Ankara Ticaret Odası (ATO) Başkan Yardımcısı Halil İbrahim Yılmaz, ulusal ve yerel düzeyde bilimsel verilere dayalı afet öncesi planlama yapılmasının önemine değinerek, “Milletçe birlik ve beraberlik içinde olma durumunu afetlere hazırlık, afet öncesi önlem alma, sürdürülebilir afet yönetimi konuları için de harekete geçirmek durumundayız” dedi.
ATO Başkan Yardımcısı Halil İbrahim Yılmaz, NORM Eğitim Danışmanlık Derneği’nin bu yıl Sürdürülebilir Afet Projeleri Yönetimi temasıyla gerçekleştirdiği panel ve panelin ardından gerçekleştirilen “10. Çetin Ceviz Ödülleri” törenine katılarak bir konuşma yaptı.

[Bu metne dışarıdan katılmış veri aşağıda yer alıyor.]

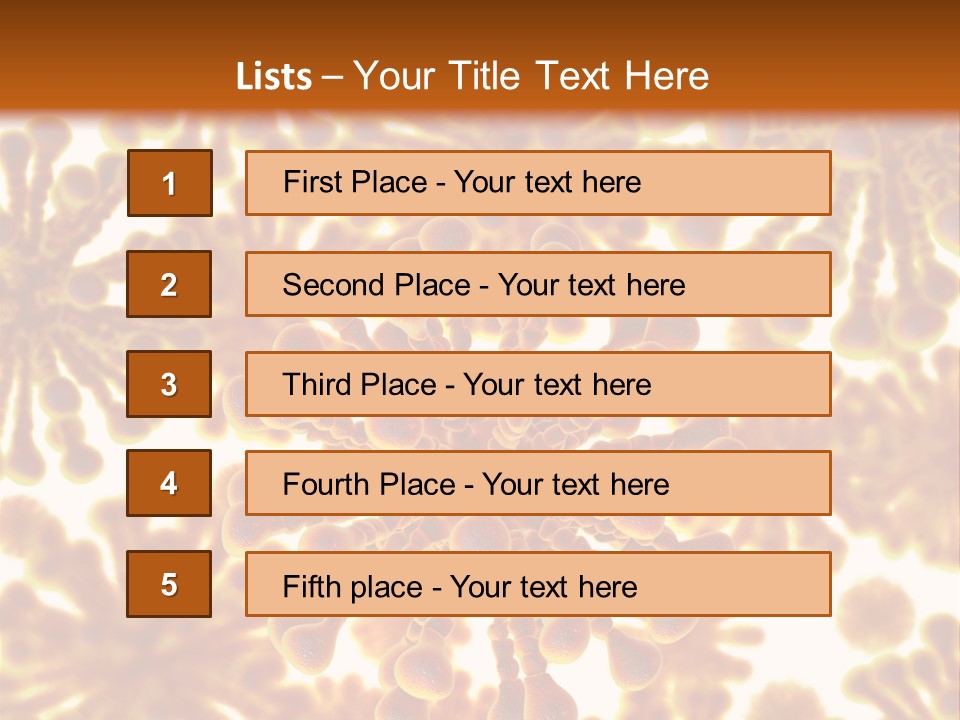 Biology Experiment Virus PowerPoint Template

ATO Meclis Salonu’nda gerçekleşen programın açılışında konuşan Yılmaz, insanın en temel hakkı olan yaşama hakkının afet öncesi, sırası ve sonrasında korumanın yolunun sürdürülebilir afet yönetimini uygulamaktan geçtiğini belirterek, ulusal ve yerel düzeyde bilimsel verilere dayalı afet öncesi planlamaların yapılmasının önemine dikkat çekti. Yılmaz, “Bilimden uzaklaştıkça, afetlerin yıkıcı etkilerine yakın hale geliyoruz. Yakın zamanda yüzyılın en büyük deprem felaketini yaşadık. Kahramanmaraş merkezli 6 Şubat depremleri hepimizi yasa boğdu. Tüm kurum ve kuruluşlarımızla, iş dünyamızla, sivil toplumumuzla afet sonrası yara sarma konusunda sınavımızı başarıyla verdik. Fakat ‘dayanışma depremden güçlüdür’ anlayışına, ‘tedbir depremden güçlüdür’ anlayışını da daha güçlü bir şekilde ekleyerek yola devam etmemiz gerekiyor. Milletçe bu birlik ve beraberlik içinde olma durumunu afetlere hazırlık, afet öncesi önlem alma, sürdürülebilir afet yönetimi konuları için de harekete geçirmek durumundayız” dedi.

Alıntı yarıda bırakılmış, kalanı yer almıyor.